What Is a Corporate Director?
A corporate director is a company that acts as a director of another company, rather than a natural person filling that role. Under the Gibraltar Companies Act 2014, there is no general prohibition on the use of corporate directors (unlike in the UK, where the Small Business, Enterprise and Employment Act 2015 moved to restrict their use for UK-incorporated companies). Gibraltar companies may have one or more corporate directors, and those corporate directors may themselves be Gibraltar entities or companies incorporated in other jurisdictions.
The use of a professional corporate director — typically a GFSC-licensed trust and company service provider (TCSP) — is a common feature of internationally structured Gibraltar vehicles. The corporate director provides a layer of professional governance, continuity of management and, in appropriate cases, the demonstration of Gibraltar-based management and control that underpins Gibraltar tax residence.

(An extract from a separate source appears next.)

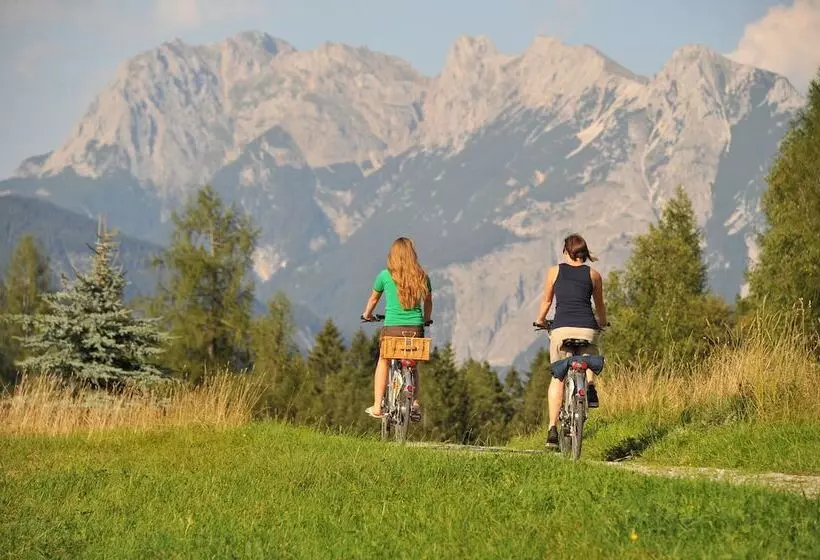 Отель A Vita Viktoria & A Vita Living Luxury Apartments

This guide explains the mechanics and implications of corporate director arrangements, helping clients and their advisers make an informed decision about whether, and in what form, a corporate director is right for their Gibraltar company.

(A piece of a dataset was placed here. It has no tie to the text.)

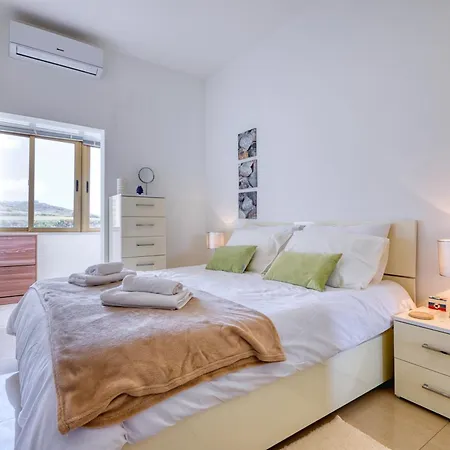 Apartment Waterfront Gozo Stay Overlooking Marsalforn Bay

Management & Control and Tax Residence
A company is generally treated as resident for tax purposes in the jurisdiction where its central management and control is exercised — the jurisdiction where the board of directors meets and makes decisions about the company's high-level affairs. This principle, derived from English common law (and therefore applicable in Gibraltar), means that a Gibraltar-incorporated company is not automatically Gibraltar tax-resident: it will only be so if its management and control is exercised in Gibraltar.
Conversely, a company incorporated elsewhere may be Gibraltar tax-resident if its central management and control is exercised in Gibraltar — although this is less commonly the intended outcome in practice.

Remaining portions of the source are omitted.